Lee said he owes a lot of it to his support system at home as his family was the first to find out about his big news.
“My mom and dad kind of kept me level-headed throughout the whole process and made sure I was earning what I was chasing,” he said. “They are my biggest fans and always have been my biggest supporters so it was good to hear that from them.”
When asked about the numbers in the spring game, there is only one number he cares to count…wins. After finishing 5-14 with Tulane as a starter, he is hungry to win some ball games and he is ready for the challenge.
“In the past, I haven’t won many games and that is my biggest goal. That is the biggest reason I came to Nebraska. I wanted the opportunity to win a lot of games. I wanted the opportunity to win championships. That is my highest goal and what we are working towards right now. It is something I haven’t achieved yet and it is something I am striving for,” Lee said. “It is going to be a lot of fun to play at Nebraska.”
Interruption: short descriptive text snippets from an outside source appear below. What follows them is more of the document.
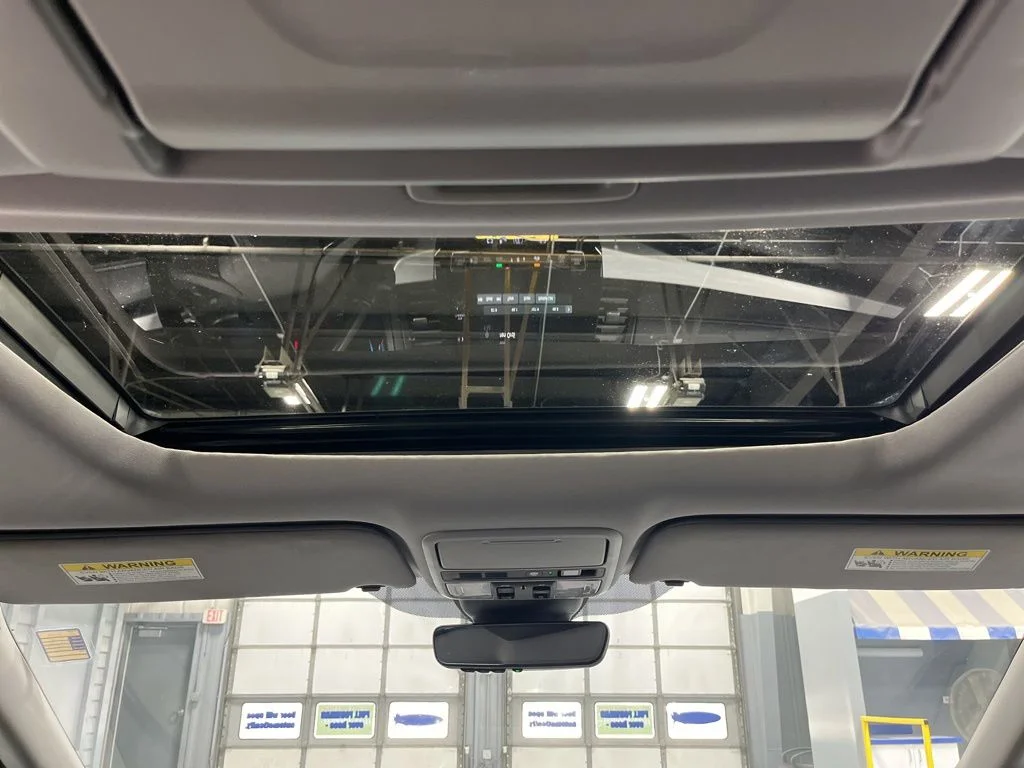 Used 2022 Modern Steel Metallic Honda Touring image 33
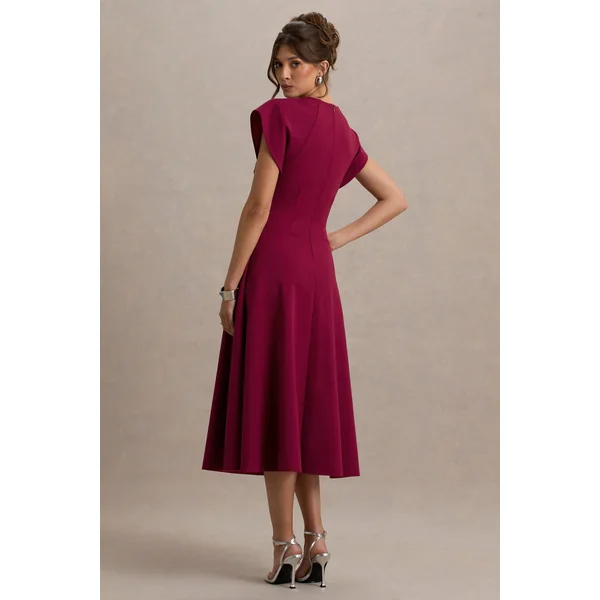 Linda | Robe Mi-Longue Cerise Foncée à Col Haut et Manches Courtes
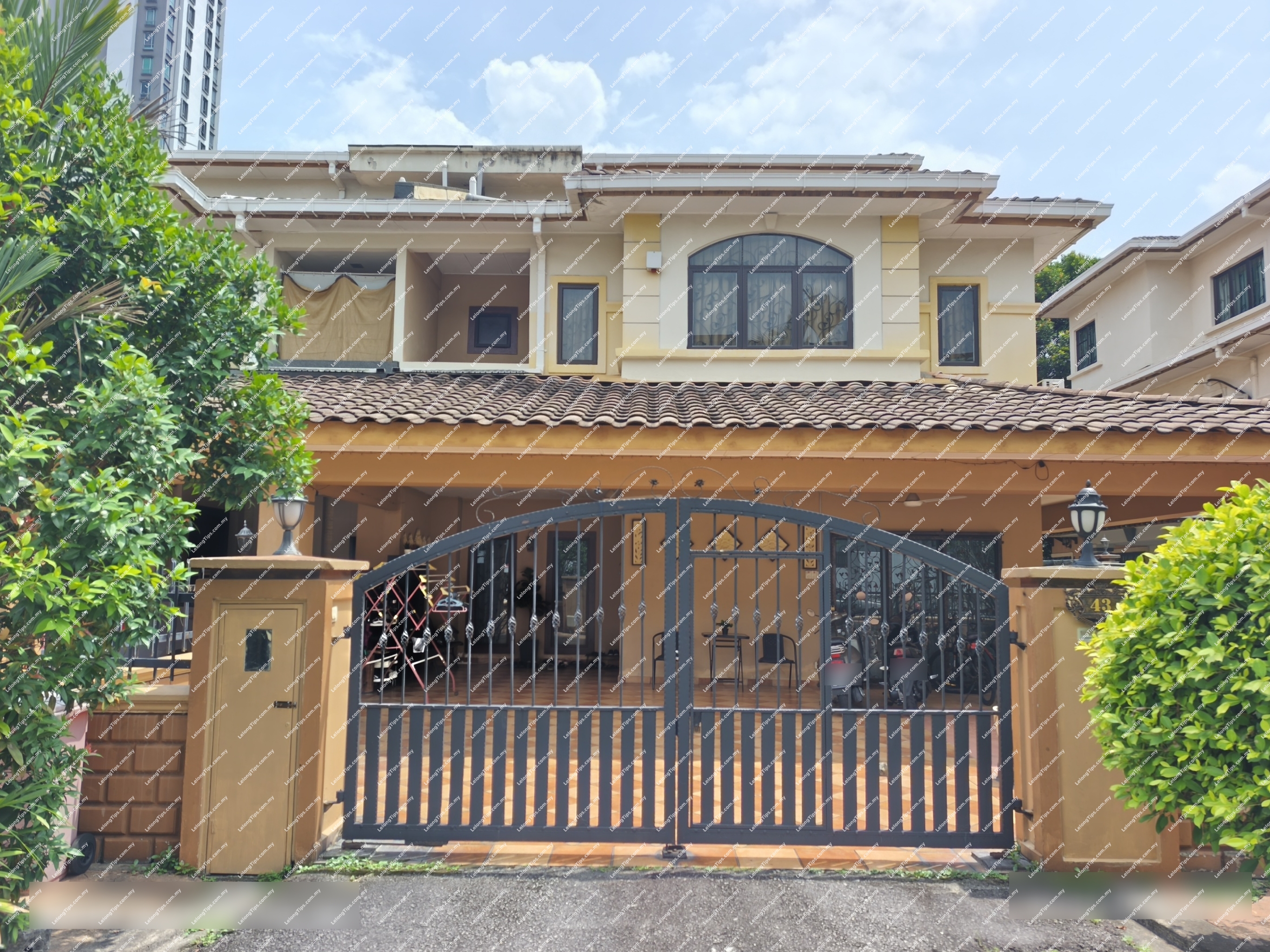 2.5 Storey Semi Detached House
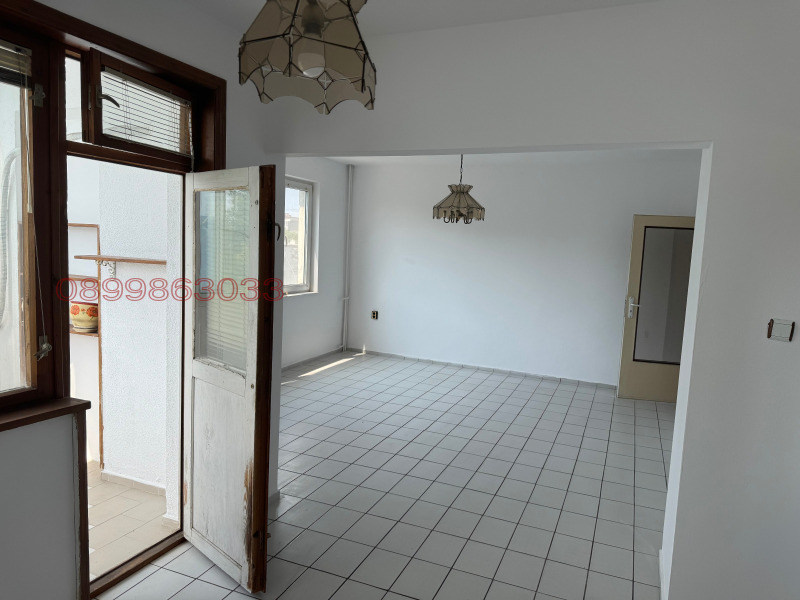 In vendita  2 camere da letto Varna , Mladost 1 , 109 mq | 44926292 - Immagine [16]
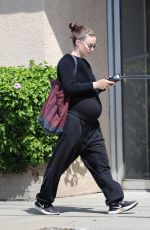 ROONEY MARA Leaves Early Morning Ballet Class in Los Angeles 04/17/2024
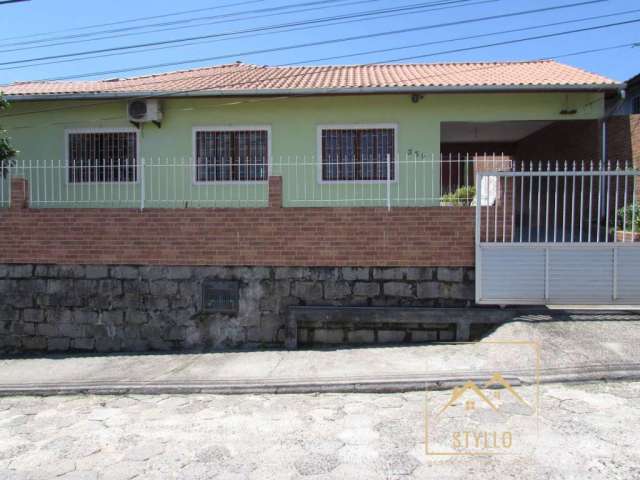 Casa com 3 dormitórios a venda, 175,00 m² por R$ 690.000,00  Forquilhinha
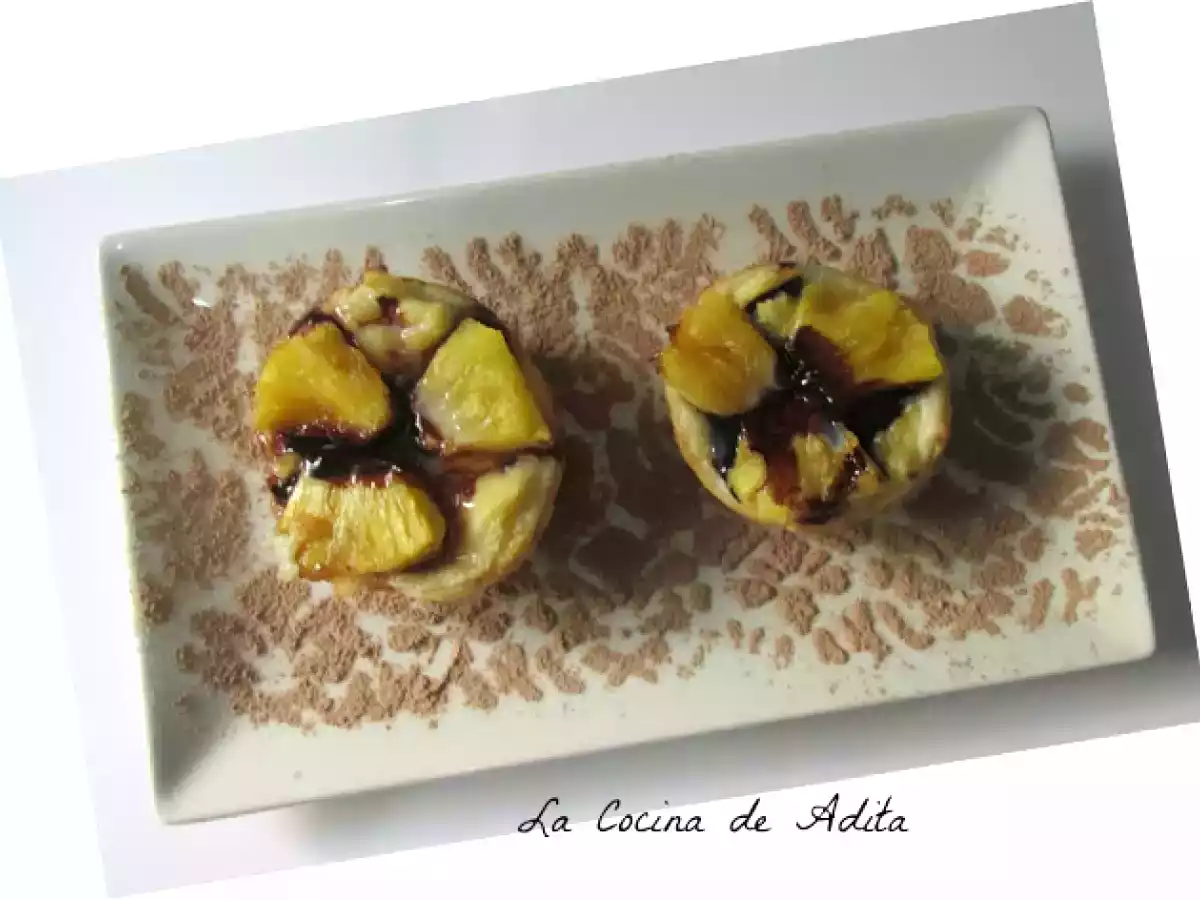 Pasteles de crema con piña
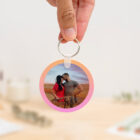 Llavero redondo personalizado con código Spotify, título de la canción y nombre del artista en un lado, y una imagen personalizada en el otro.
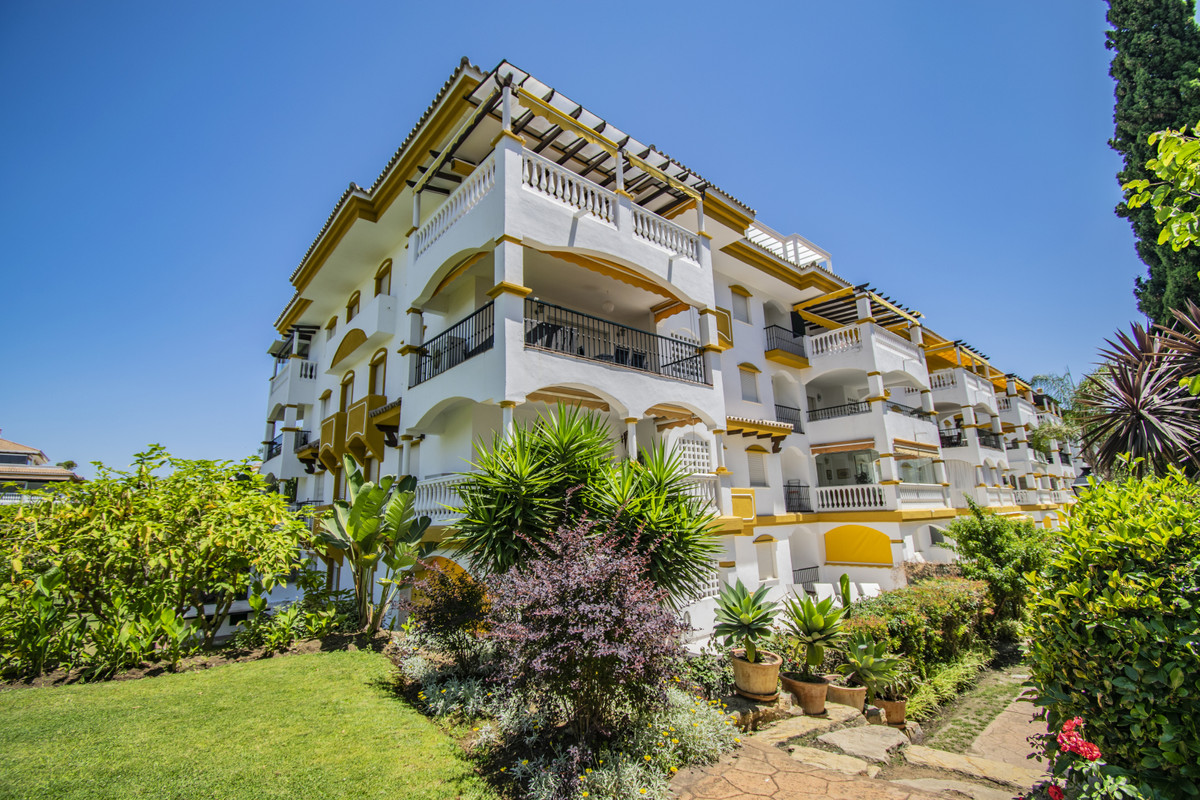 Appartement te koop in Nueva Andalucía | 2 slaapkamers H5461732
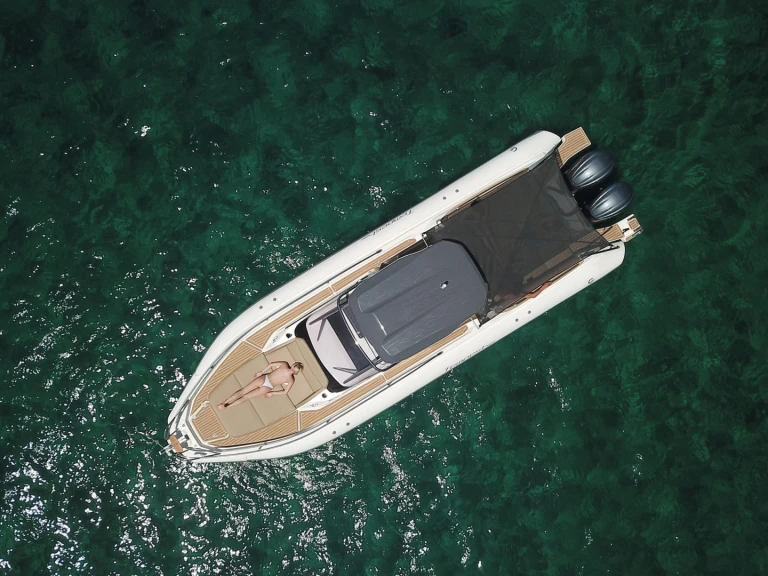 Huur een Capelli Tempest 1000 WA in Marine de Sant'Ambrogio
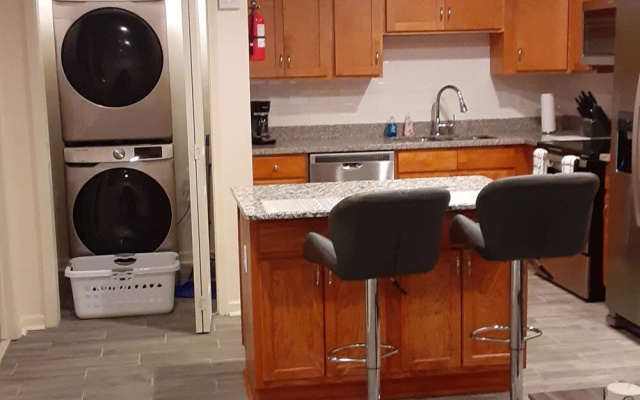 photo 2 of Updated and Modern 1-bedroom in Baton Rouge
Later this month, Lee will be attending the Manning Passing Academy at THE Nicholls State University in Thibodaux, LA. He is hoping to have another year of sponging information from the Manning’s as well as other quarterbacks from around the country.
“It is great to be around the Mannings in a personal setting. It is cool to just be one of the guys when you are away from all the fans and everything,” he said. “They are always eager to help.”
After the MPA, Lee heads back to Nebraska to finish some summer classes and continue working this offseason to lead the Cornhuskers in 2017. When asked about his leadership, Lee said it is important to find balance in leading by example and when to be the mouthpiece for your team.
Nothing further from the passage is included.